- Born: 1918
- Died: 2002 (aged 83–84)
- Known for: Pioneer woman in Geoscience in New Zealand
- Scientific career
- Fields: Geophysics

= Jean Maud Bullen =

New Zealand-born geophysicist

Jean Maud Bullen (1918–2002) was a New Zealand-born geophysicist, regarded as one of Australasia's first women pioneers in geoscience. She was the sister of Keith Edward Bullen.

== Career ==
Bullen was a scholarship winner for the Junior New Zealand Test
, and she worked first as a secondary school teacher. During WW2, she worked for the geological Survey of New Zealand, and researched groundwater information of New Zealand using magnetometers. She was then a foundation member of the Geophysics Division, of the geological Survey of New Zealand.
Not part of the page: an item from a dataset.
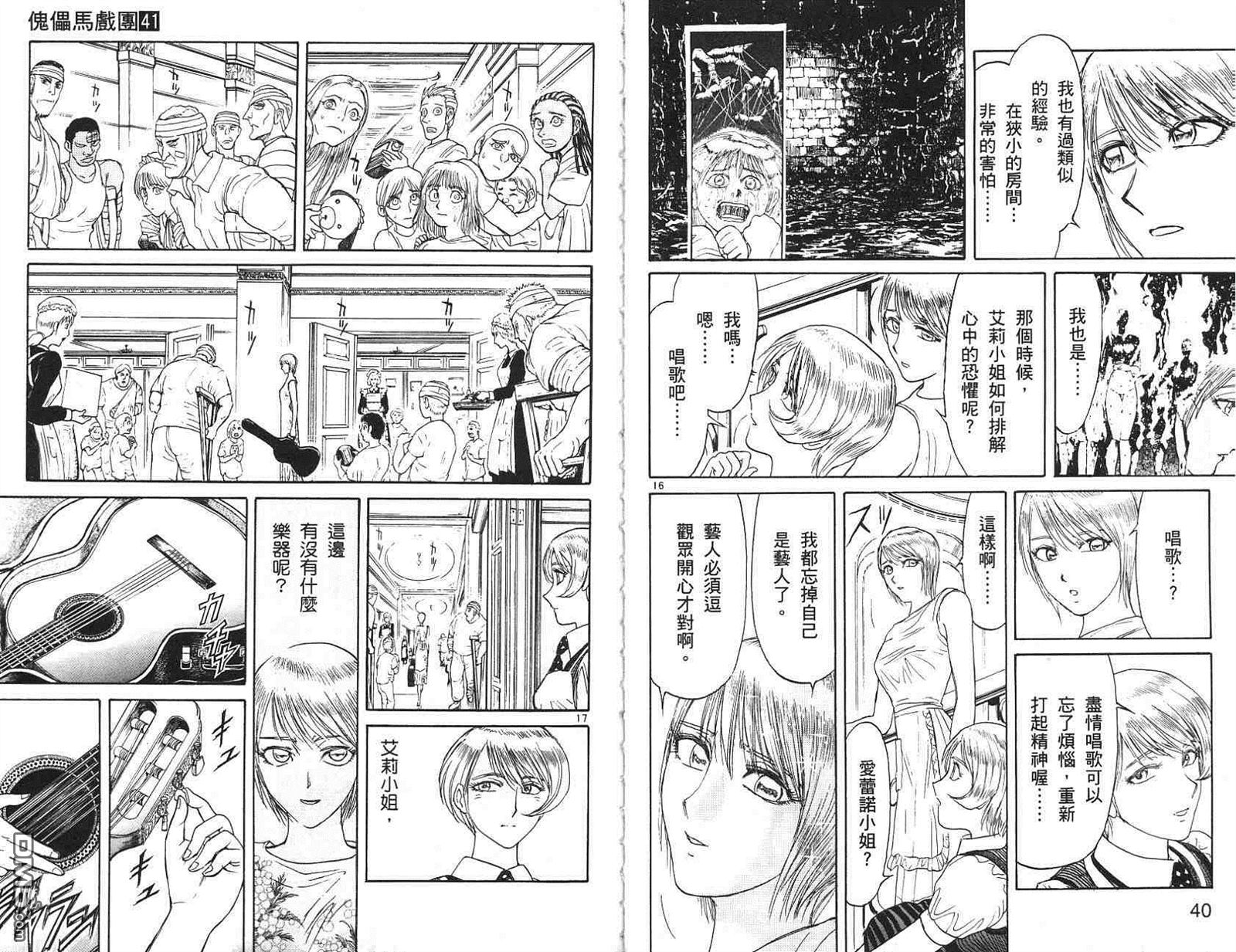 《魔偶马戏团》漫画最新章节第41卷免费下拉式在线观看章节第【19】张图片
Until she retired, Bullen worked for the Ionosphere Section of the Department of Scientific and Industrial Research in Christchurch, New Zealand. She spent considerable time preparing instrumentation for upper atmosphere observations, but she never visited the Scott Base.

== Selected work ==

- Bullen, J. M. (1961). An analysis of estimated values of maximum usable frequency throughout a sunspot cycle and associated electron density trends, at Christchurch, New Zealand. New Zealand Journal of Geology and Geophysics, 4(4), 331-346.
- Bullen, J. M. (1961). Atmospheric scale height as a modifying influence on linear trend of F-region electron density with sunspot number. Nature, 192(4802), 542-543.